**Directions:**
Reproduce the data below exactly. Skip the pictures.

**Data provided:**

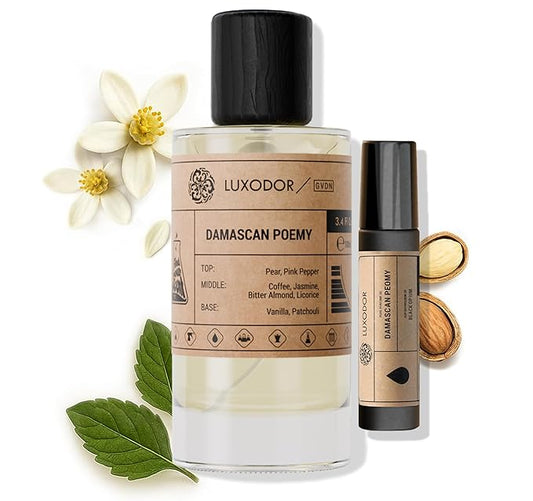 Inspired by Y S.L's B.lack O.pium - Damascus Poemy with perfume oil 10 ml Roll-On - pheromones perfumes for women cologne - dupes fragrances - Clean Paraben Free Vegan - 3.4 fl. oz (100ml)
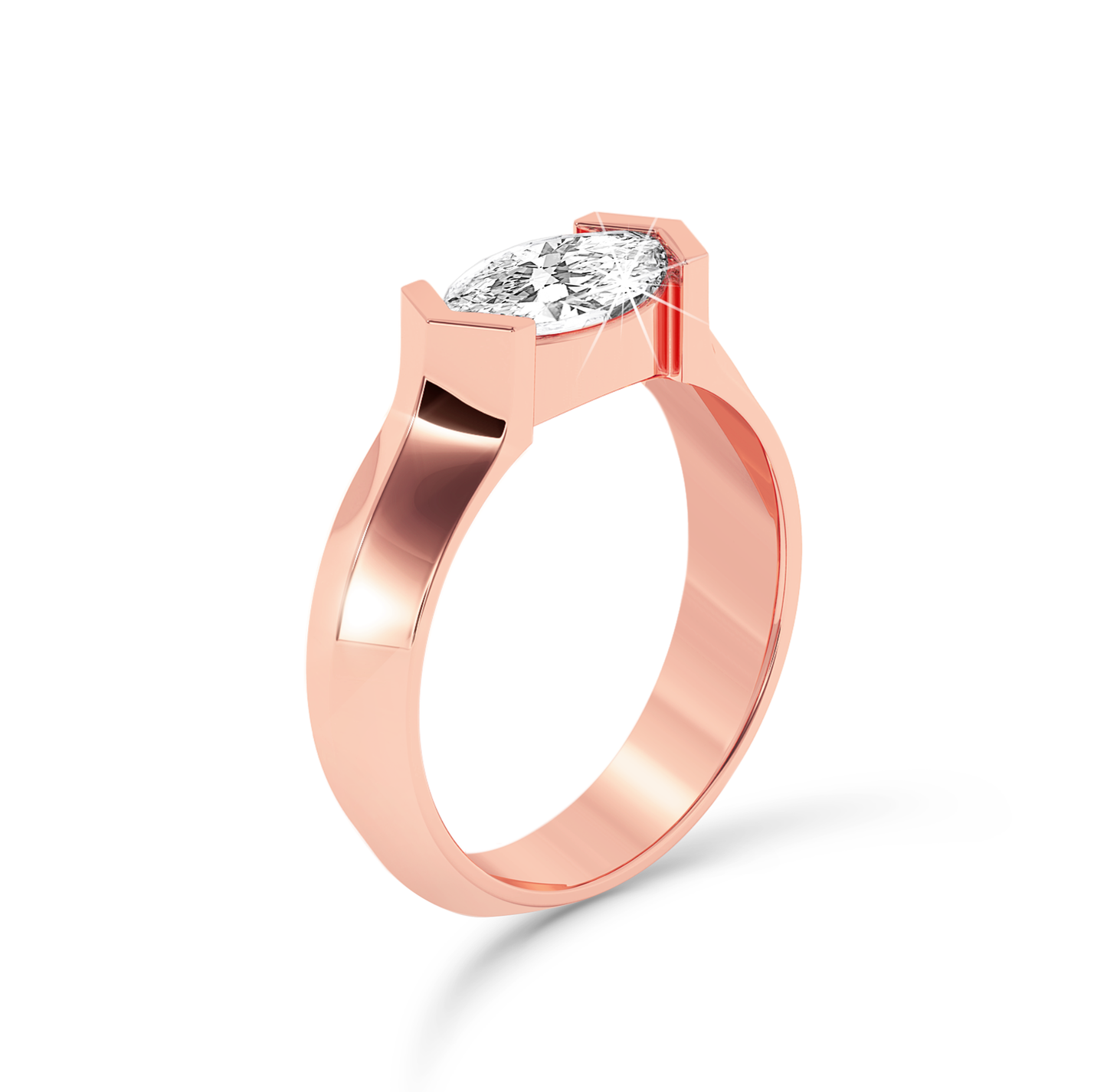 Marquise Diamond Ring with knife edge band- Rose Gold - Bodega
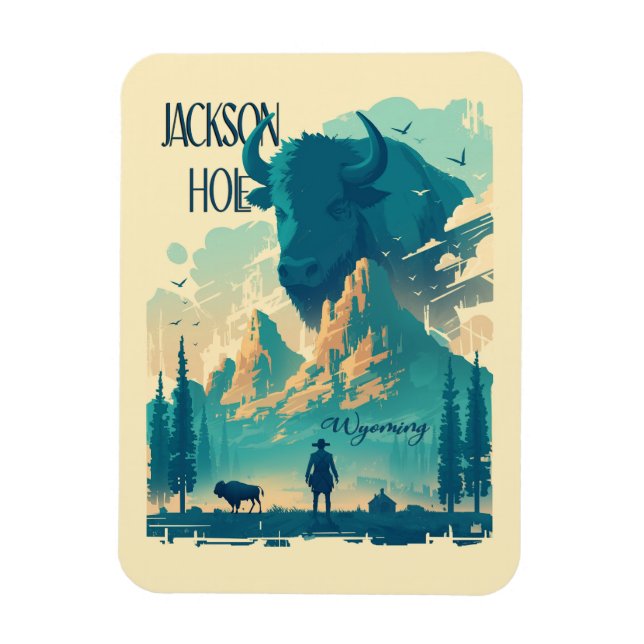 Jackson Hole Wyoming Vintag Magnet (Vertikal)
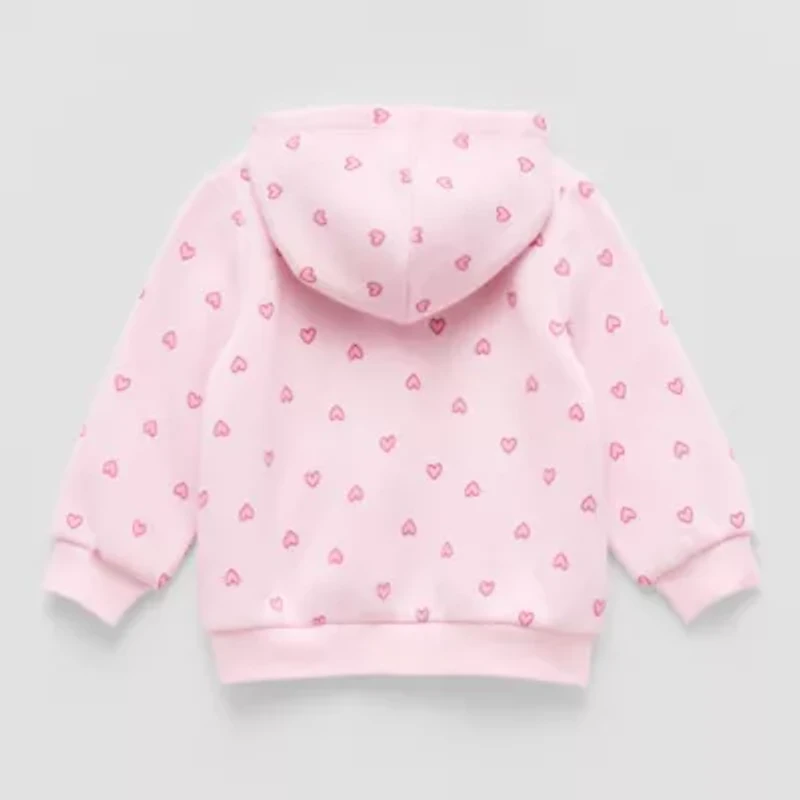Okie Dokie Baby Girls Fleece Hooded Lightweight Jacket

**Response to this task:**
 Inspired by Y S.L's B.lack O.pium - Damascus Poemy with perfume oil 10 ml Roll-On - pheromones perfumes for women cologne - dupes fragrances - Clean Paraben Free Vegan - 3.4 fl. oz (100ml)
 Marquise Diamond Ring with knife edge band- Rose Gold - Bodega
 Jackson Hole Wyoming Vintag Magnet (Vertikal)
Okie Dokie Baby Girls Fleece Hooded Lightweight Jacket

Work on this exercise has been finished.